Do you consider the terms “urban forestry” and “community forestry” to be synonymous? If not, how do you define each?

Urban Forestry is a place based approach. Community forestry is a process approach, where the forestry is the organizing principle, and the botanical intervention is a means rather than an end. The goal of community forestry is the empowerment of the local community to gain greater control over their immediate environment. To understand the options and consequences in choosing certain options. To sustain their access to the multiple resources this environment can provide the community. To emphasize the participation and responsibility of all members of the community in the decisions about their environment (women, children, non-scheduled castes, etc.). To ensure equity in that those who bear the costs reap the benefits before outside elites. To sustain the gains and future hopes of the community.
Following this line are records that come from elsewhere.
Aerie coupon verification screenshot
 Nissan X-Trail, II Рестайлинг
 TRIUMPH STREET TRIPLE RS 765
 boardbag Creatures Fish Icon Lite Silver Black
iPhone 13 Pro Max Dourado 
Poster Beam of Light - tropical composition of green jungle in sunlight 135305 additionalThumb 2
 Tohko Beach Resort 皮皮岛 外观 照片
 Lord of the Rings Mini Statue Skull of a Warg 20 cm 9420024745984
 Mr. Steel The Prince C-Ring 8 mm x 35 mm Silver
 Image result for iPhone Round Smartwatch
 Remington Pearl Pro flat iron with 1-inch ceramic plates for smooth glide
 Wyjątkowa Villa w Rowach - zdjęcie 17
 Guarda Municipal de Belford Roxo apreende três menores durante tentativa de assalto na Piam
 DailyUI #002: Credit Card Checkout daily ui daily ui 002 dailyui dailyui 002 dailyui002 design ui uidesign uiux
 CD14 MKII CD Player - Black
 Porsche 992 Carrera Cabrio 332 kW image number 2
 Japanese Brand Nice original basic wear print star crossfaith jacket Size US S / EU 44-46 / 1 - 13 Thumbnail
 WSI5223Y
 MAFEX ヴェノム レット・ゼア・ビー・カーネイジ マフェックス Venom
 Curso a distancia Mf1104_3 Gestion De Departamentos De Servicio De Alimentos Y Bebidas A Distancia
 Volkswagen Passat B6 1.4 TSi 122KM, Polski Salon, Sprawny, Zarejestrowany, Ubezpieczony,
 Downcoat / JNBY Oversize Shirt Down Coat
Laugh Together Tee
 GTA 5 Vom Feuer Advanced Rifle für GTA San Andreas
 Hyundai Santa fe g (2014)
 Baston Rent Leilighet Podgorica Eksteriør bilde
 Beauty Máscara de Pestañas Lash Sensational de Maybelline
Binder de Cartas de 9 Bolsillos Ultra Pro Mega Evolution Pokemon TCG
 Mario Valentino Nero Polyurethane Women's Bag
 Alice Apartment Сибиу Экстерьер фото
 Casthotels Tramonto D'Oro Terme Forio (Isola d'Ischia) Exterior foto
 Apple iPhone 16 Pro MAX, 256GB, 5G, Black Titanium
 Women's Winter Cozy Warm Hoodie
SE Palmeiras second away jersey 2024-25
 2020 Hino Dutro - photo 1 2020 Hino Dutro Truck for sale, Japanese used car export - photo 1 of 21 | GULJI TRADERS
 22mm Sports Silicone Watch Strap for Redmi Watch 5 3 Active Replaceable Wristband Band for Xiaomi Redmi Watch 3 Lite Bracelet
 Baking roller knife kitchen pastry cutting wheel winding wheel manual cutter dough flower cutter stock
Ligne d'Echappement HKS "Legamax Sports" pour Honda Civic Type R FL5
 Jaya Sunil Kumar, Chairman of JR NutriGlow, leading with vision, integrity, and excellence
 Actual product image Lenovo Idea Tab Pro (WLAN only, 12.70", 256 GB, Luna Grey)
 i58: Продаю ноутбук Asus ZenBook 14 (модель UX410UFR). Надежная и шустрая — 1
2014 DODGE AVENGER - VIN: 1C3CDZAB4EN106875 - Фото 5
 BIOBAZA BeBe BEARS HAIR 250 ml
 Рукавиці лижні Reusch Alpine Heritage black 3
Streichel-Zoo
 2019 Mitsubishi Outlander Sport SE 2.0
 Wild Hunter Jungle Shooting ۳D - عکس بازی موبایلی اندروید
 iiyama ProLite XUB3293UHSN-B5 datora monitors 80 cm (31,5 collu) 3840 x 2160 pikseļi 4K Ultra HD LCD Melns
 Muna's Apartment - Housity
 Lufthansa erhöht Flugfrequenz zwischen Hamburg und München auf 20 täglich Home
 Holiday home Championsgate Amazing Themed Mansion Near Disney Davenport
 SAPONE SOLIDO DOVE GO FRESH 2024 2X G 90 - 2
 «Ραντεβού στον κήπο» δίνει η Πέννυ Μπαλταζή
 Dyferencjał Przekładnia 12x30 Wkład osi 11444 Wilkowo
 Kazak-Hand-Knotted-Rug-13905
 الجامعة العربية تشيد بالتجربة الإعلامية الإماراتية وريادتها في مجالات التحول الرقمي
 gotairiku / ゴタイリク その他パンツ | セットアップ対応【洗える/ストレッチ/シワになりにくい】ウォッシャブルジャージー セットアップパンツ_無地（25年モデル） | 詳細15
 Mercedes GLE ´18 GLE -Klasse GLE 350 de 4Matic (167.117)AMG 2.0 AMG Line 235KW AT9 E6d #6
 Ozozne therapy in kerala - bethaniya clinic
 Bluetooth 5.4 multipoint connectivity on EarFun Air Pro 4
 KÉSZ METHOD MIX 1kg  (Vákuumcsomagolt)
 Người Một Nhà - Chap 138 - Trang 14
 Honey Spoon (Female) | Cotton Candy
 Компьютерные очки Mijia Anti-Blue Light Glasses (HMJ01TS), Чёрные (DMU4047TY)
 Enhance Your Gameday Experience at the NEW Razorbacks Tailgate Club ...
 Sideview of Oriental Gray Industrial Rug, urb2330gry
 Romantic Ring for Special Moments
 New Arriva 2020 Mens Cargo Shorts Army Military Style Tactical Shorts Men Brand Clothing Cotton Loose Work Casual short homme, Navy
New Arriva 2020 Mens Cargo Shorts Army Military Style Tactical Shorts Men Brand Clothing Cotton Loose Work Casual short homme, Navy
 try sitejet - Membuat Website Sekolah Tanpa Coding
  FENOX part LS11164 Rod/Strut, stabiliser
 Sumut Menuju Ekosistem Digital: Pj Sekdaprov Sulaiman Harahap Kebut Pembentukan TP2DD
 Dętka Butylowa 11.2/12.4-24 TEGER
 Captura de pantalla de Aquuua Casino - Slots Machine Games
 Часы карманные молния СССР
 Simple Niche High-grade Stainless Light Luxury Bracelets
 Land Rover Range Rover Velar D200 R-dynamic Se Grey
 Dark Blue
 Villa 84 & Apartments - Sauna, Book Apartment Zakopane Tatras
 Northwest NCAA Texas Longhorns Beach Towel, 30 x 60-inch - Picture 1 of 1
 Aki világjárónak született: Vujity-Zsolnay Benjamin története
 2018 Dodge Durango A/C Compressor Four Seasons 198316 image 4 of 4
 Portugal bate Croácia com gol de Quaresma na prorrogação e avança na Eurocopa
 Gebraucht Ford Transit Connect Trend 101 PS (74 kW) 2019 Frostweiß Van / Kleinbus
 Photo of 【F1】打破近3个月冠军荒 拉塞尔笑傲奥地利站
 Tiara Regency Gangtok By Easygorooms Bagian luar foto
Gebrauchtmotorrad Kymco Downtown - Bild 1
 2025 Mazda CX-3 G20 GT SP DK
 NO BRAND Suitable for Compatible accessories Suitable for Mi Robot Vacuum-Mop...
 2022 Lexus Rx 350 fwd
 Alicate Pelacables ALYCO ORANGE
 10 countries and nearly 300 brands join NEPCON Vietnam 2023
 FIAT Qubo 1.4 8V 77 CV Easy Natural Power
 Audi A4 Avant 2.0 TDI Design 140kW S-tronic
With community forestry our mission as professionals is to be facilitators in the attainment of these goals.

Place based forestry, like urban forestry or farm forestry, usually involves top down approaches concentrating on the biotic community. This is a field with a long and important history. In many settings, there can be an overlay of community forestry processes to establish and sustain various horticultural activities.

While working for USAID on natural resources projects in Southeast Asia, you served as director of the Institute of Forestry Project in Tribuvahn University in Nepal. Can you tell me about your work there?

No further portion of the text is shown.